Florbela deveria purificar “os lábios com carvão ardente” (DAL FARRA, 2002, p.
13). Em 7 de fevereiro de 1931, no Correio de Coimbra, Herculano de Carvalho
critica seu comportamento de pouca fé: “O pensamento é, por vezes, para certas
almas vibráteis, abandonadas em si mesmas, sem o esteio da Fé, que guarda e salva,
um subtil veneno, que mata o corpo, depois de apagar ou de fazer esmorecer a razão
e, conseqüentemente, a vontade” (DAL FARRA, 2002, p. 14). Dal Farra comenta tais
críticas em Afinado desconcerto de forma peremptória:
Se leio claramente a implicitação aí contida, concluo que a tal alma
vibrátil é prerrogativa feminina; que estar abandonada a si mesma
se traduz por ausência de tutor, terreno ou divino. Logo se vê como
fica claro o preconceito subliminar a tais assertivas: se é proibido à
mulher pensar, quanto mais poetar...Pensando e versejando, ela
pode descobrir no amor (pobre indefesa!) uma corrosão que a
destina à morte (ao suicídio) (2002, p.14).
Em Freud e a religião, Nazar aborda o tema apontando para as três funções
que a religião visa preencher: “a de satisfazer a sede de conhecimento do homem; a
de garantir conforto na desventura; a de estabelecer preceitos, proibições e
restrições”(2003, p. 39). Farta bibliografia religiosa era indicada para as moças, no
sentido de orientá-las para que dessa forma sua vida em sociedade fosse
irrepreensível, modelo baseado, muitas vezes, nas vidas das santas.
Seguem algumas citações de um livro católico, escrito por um abade italiano,
de título bastante sugestivo: Maria falando ao coração das donzelas, no início do
século XX. Tal livro servia como guia para o comportamento das jovens da época.
Percebe-se, nitidamente, a intenção de moldar o comportamento feminino:
Tu, minha filha, acaricias o corpo, nutrel-o, saisfazel-o, em tudo, e não
reflectes que, tratando-o d’essa sorte, o tornas mais apto de ser presa dos
fogos do inferno.
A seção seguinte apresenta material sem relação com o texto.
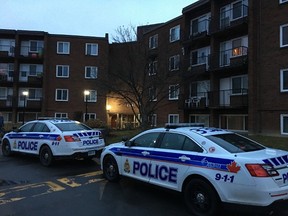 Two police cars sat outside an Arrowsmith Dr. apartment complex early Monday morning. The area was the scene of a shooting Sunday night, Ottawa's 43rd incident of gunfire during 2015. The victim was reported in serious condition. (DANI-ELLE DUBE Ottawa Sun / Postmedia Network)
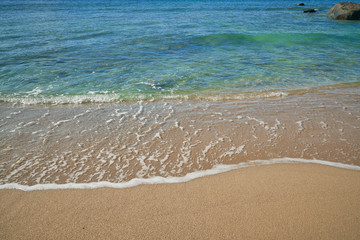 seascape with sand and wave bubble on the beach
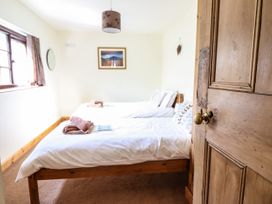 A bedroom with two single beds with towels on them a window on the left and a wooden door on the right at 3 Railway Cottages in Betws-y-Coed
Oh! Se conhecesses o que no outro mundo está
preparado ás almas sensuaes, e que atrozes tormentos n’elle sofrem,
repellirias n’um momento tudo o que póde pôr em perigo tua salvação
eterna,.não olharias mais o teu corpo senão como um servo inimigo a
quem é preciso vigiar sempre severamente ( BAYLE,1912, p. 61).